Betty Jean creaked the sheriff's chair back and forth a couple more times. “How about Reece? He sounded worked up over the cat this afternoon.”
“Did you call him and tell him about Joe?”
“No, but I must've had to tell everybody else in Hidden Springs.” She looked over at Michael. “Even after I've said it a hundred times, I still can't believe it. I don't want to believe it.”
“I know what you mean.” Michael took Two Bits from her. “Anything go on here after I left?” The cat settled down in his arms without a fight.
“Not much. The chief left to go home and lie down awhile. And you know Buck. He has to be on the move looking for something, even if he has no idea what to look for.”
“None of us know what to look for. So I guess the sheriff and the judge had to hash it out alone.”

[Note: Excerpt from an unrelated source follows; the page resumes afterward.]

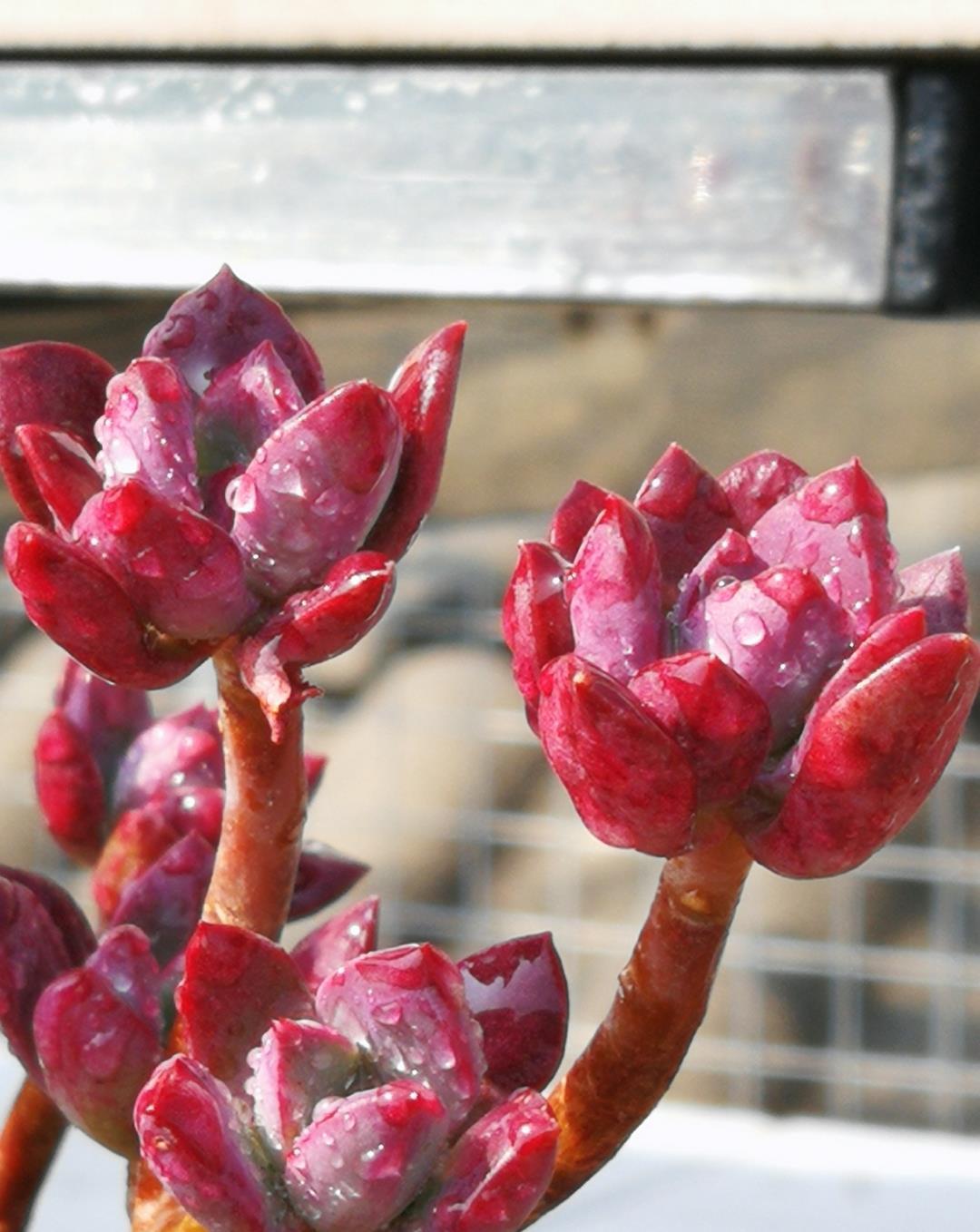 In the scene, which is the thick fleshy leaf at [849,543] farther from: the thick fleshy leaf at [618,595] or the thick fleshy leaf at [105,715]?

“The judge didn't come over.” Betty Jean frowned a little.
“At all?”
“Nope. I never even saw him until after Uncle Al left. I thought he must have already gone home, but then I saw him going toward the back door. He didn't poke his head in to see why I was still here or anything. I don't think he even said boo to Roy, who was sweeping out in the hall.”
“Maybe I ought to go by his house and make sure he's all right.” Michael ran his hand over Two Bits. “You notice anything else out of the ordinary? Anybody you talk to on the phone act as if they knew something?”
“Nope. Nobody even knew Joe was back.”
“Somebody did,” Michael said.
“But who?”
“I don't know.” Michael kept rubbing the cat. Two Bits was calm now, content to let them do what they willed with him. “But I aim to find out.”
“I hope so, Michael. And soon.” Betty Jean stood up and picked up her purse. “Oh, by the way, Paul's had a setback. Some kind of secondary infection. I don't know exactly what. I talked to him, but he wasn't very rational. Still raving about finding the murder weapon and dragging the lake, so Uncle Al said you'd better go on and let the divers play around out there tomorrow morning even if it is a waste of the county's money.”
“All right. If I'm not here when Lester comes in from the school, remind him to go on out there.”
They were to the door when the phone rang. Michael hesitated, but Betty Jean flipped off the lights. “If it's important, Sally Jo knows how to find you, and truth is, I can't talk to one more person today about Joe. Not even one.”
“Okay.” Michael shifted the cat to one arm and pulled the door shut on the insistent ringing.
The hallway was dim with only a couple of lights on over the exit doors and all the offices dark. “Maybe we should keep more lights on out here,” Michael said.
“The place is spooky after hours.” Betty Jean shuddered a little. “Fact is, that Blake kid scared two or three years off my life tonight.”
“Anthony?” Michael was surprised.
“Yeah. I had to go to the ladies' room, and when I went out in the hall, there he was hanging around in the shadows. Gave me quite a start.”
“What was he doing here?”
“I didn't have a chance to ask. He was out the front door before I got my breath back, but then later I saw him again.”
“Where?”
“Just passing by the office. I had the door open. I think he went out the back way. Roy might have chased him out so he could lock up because it was late. Just after the judge left.” Betty Jean looked up at Michael. “I figured maybe he was hanging around to see you.”
Michael stowed Two Bits in the backseat of his cruiser and then made a quick turn around the courthouse in case Anthony was still hanging around. But there was no sign of him. Maybe Joe's death had frightened the kid enough to make him ready to come clean about whatever it was he knew about Rayburn getting shot.
Michael hoped that was it as he drove toward Reece's house. He'd tried to run the boy down earlier, but Anthony told Cindy he had something he had to do and left the Grill early. It was odd that his “something to do” was hang around the courthouse.